This query checks the Seattle Airport temperature data as of a specific time in the past. The timestamp clause lets us travel back without altering current data. Note that the timestamp value is specified as a string in format yyyy-MM-dd HH:mm:ss.fff.

Optimize query speed with clustering

To improve query performance, you can perform clustering on Hudi tables using SQL in Spark for Athena:

%%sql
CALL run_clustering(table => 'hudidb.noaa_hudi', order => 'name')

Compact tables

Compaction is a table service employed by Hudi specifically in Merge On Read (MOR) tables to merge updates from row-based log files to the corresponding columnar-based base file periodically to produce a new version of the base file. Compaction is not applicable to Copy On Write (COW) tables and only applies to MOR tables. You can run the following query in Spark for Athena to perform compaction on MOR tables:

%%sql
CALL run_compaction(op => 'run', table => 'hudi_table_mor');

Drop the table and database

Run the following Spark SQL to remove the Hudi table you created and associated data from the Amazon S3 location:

%%sql
DROP TABLE hudidb.noaa_hudi PURGE

Run the following Spark SQL to remove the database hudidb:

%%sql
DROP DATABASE hudidb

To learn about all the operations you can perform on Hudi tables using Spark for Athena, refer to SQL DDL and Procedures in the Hudi documentation.

Working with Linux foundation Delta Lake tables

Next, we show how you can use SQL on Spark for Athena to create, analyze, and manage Delta Lake tables.

Set up a notebook session

In order to use Delta Lake in Spark for Athena, while creating or editing a session, select Linux Foundation Delta Lake by expanding the Apache Spark properties section.

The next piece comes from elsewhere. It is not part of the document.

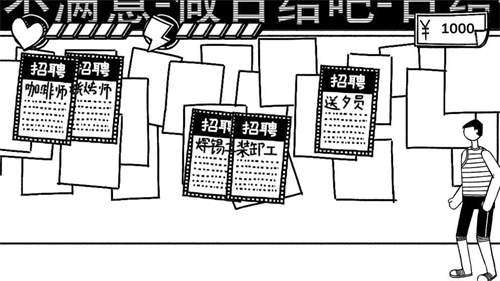 打工模拟器600亿2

This image shows the Delta Lake properties set while creating Spak session in Athena.

For steps, see Editing session details or Creating your own notebook.

The code used in this section should be available in the SparkSQL_delta.ipynb file to follow along.

Create a database and Delta Lake table

In this section, we create a database in the AWS Glue Data Catalog. Using following SQL, we can create a database called deltalakedb:

%%sql
CREATE DATABASE deltalakedb

Next, in the database deltalakedb, we create a Delta Lake table called noaa_delta pointing to a location in Amazon S3 where we will load the data. Run the following statement and replace the location s3://<your-S3-bucket>/<prefix>/ with your S3 bucket and prefix:

%%sql
CREATE TABLE deltalakedb.noaa_delta(
station string,
date string,
latitude string,
longitude string,
elevation string,
name string,
temp string,
temp_attributes string,
dewp string,
dewp_attributes string,
slp string,
slp_attributes string,
stp string,
stp_attributes string,
visib string,
visib_attributes string,
wdsp string,
wdsp_attributes string,
mxspd string,
gust string,
max string,
max_attributes string,
min string,
min_attributes string,
prcp string,
prcp_attributes string,
sndp string,
frshtt string)
USING delta
PARTITIONED BY (year string)
LOCATION 's3://<your-S3-bucket>/<prefix>/noaadelta/'

Insert data into the table

We use an INSERT INTO statement to populate the table by reading data from the sparkblogdb.noaa_pq table created in the previous post:

%%sql
INSERT INTO deltalakedb.noaa_delta select * from sparkblogdb.noaa_pq

You can also use CREATE TABLE AS SELECT to create a Delta Lake table and insert data from a source table in one query.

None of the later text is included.